Maybe that’s just me.

Sign Here Please

The next thing we were to be trained on was how to fill out forms. They introduced a lady who was going to help us with this stating that she was “a genius on these matters and to listen to everything she had to say.” Throughout this lady’s instructions my mother kept whispering to me “this is wrong, everything she is saying is wrong.” We filled out our forms correctly while everyone else proceeded to get screwed by this genius they enlisted to “help” us. 

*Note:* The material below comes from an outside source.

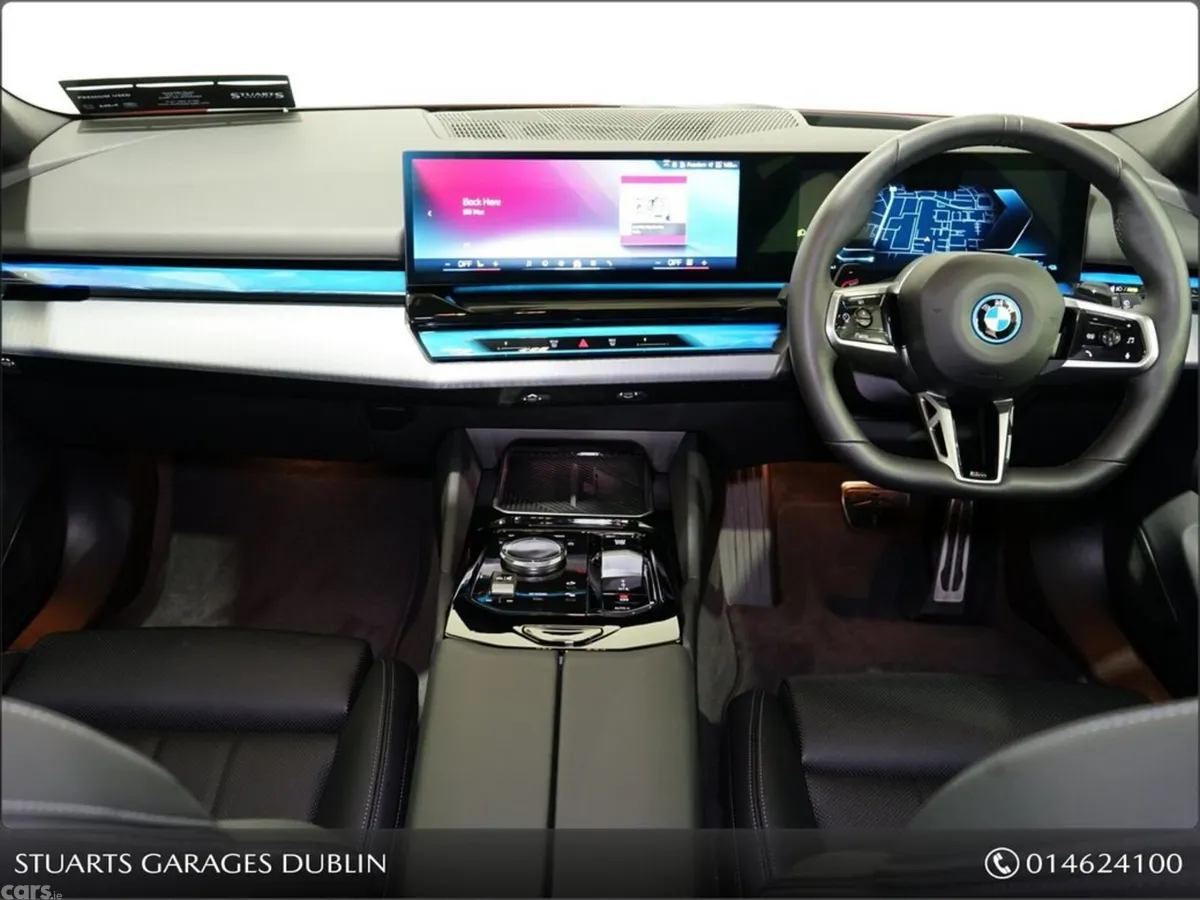 BMW 5-Series Estate, Petrol Plug-in Hybrid, 2025, Red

Wear your Safety Gear with PRIDE!

After three or more days of being trained how to sign our names we were treated to educational videos. I am now an expert on sexual harassment, confidentially, and blood born pathogens (that is unless nothing has changed from 1976 since those videos had been made). 
During these videos my mother and I also added another label to our “mother/daughter team” alias…troublemakers. 
During a blood born pathogen video a group of school employees are wiping up a huge river of blood in their lovely bright orange safety gear safely intact. At the end of this scene all the employees turn to the camera and smile broadly while waving their bright orange gloves while a voice over states “all employees need to wear their safety gear with pride.”
My mother and I began to laugh hysterically and LOUDLY for the next two sexual harassment videos. 
To this day I don’t know if it was the fact that the scene was so idiotically amusing; or if was nervous laughter at the fact that we were quickly coming to realize that we were being sucked into hell. 
Either way, the other new teachers were not amused by our blatant disregard for safety. 
Now when my kids are laughing hysterically when someone says “nuts” or “breast” in one of our selections I look back on this event and try to give them a little bit of leeway. 
This was personally my favorite part of the training because of how wonderfully it was executed. 
For about three days teachers were separated into different rooms and different teams while a quote unquote expert lead us in a series of educational games. The point was to give us knowledge on how to teach our subjects in a new and exciting format. This would have been extremely helpful to us new teachers. However, would, is the operative word in that sentence.
Here is why:

1.    The experts leading the games didn’t seem to comprehend how to play the games much less TEACH how to play them.  
2.    High school. Junior high, and elementary people were grouped together and the experts did not explain how the games could be translated across the levels. 
3.    When teachers would become frustrated because they didn’t understand the rules of the games and would talk amongst themselves to figure them out they would be reprimanded by administrators. 
At the end of the game playing days the room would be silent and subdued. Everyone would just wait for the one person who was still intrigued in the games to exclaim “BINGO” or “YAHTZEE” or whatever to signal that our torture was over.

Reflection:
I have done the "new teacher training thing at various schools since this memorable first year. Let me give you a few tips. 

1. The #1 lie they tell you at new teacher orientation is,“We’re here to help you.” They are in fact there to judge your every move, facial, and body expression. I know that sounds harsh and scary and they will NEVER admit to it, but it is true. Smile a lot, ask people questions, place yourself into larger groups and make yourself known. These people who are training you are basically "spies" that will report back to the rest of the staff your every move. You want to make a good first impression!

2. They are going to try to rush you through the paperwork process. I would suggest doing what you feel comfortable with at the school, but taking the rest home and research (or talk with someone you trust) the rest of it. You don't want to rush through tax forms and insurance forms....trust me on this one!


3. Even though it is going to suck, play the damn games and play your heart out.